> **EXERCISE DIRECTIONS**: Take the line with "Игровое кресло EVOLUTION" and every line after it in the data. Transcribe them exactly, through the last.

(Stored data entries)
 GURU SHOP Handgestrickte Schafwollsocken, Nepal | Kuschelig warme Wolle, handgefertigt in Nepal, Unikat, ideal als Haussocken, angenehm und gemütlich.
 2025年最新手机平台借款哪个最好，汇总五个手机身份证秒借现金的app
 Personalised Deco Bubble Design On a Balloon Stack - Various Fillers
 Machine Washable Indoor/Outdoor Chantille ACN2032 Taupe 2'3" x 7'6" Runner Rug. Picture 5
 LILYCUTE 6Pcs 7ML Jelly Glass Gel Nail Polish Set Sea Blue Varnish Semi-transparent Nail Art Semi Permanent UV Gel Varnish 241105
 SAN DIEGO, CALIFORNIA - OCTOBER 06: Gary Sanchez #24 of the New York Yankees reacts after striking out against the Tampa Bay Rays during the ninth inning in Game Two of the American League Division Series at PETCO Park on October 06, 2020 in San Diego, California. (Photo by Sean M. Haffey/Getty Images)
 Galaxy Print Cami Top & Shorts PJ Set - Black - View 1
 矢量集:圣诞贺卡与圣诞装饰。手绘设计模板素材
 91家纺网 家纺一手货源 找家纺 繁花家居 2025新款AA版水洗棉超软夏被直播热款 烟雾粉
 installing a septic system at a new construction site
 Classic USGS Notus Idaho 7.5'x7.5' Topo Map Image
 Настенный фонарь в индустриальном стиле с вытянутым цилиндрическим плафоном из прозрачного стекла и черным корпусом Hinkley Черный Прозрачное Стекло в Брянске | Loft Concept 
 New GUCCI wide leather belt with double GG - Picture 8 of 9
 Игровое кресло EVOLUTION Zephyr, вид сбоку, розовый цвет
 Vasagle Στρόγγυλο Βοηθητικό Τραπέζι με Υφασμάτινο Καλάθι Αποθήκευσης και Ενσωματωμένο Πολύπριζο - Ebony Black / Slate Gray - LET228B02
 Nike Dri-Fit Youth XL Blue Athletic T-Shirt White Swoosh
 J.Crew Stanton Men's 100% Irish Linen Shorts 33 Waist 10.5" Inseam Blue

> **RESPONSE**:
 Игровое кресло EVOLUTION Zephyr, вид сбоку, розовый цвет
 Vasagle Στρόγγυλο Βοηθητικό Τραπέζι με Υφασμάτινο Καλάθι Αποθήκευσης και Ενσωματωμένο Πολύπριζο - Ebony Black / Slate Gray - LET228B02
 Nike Dri-Fit Youth XL Blue Athletic T-Shirt White Swoosh
 J.Crew Stanton Men's 100% Irish Linen Shorts 33 Waist 10.5" Inseam Blue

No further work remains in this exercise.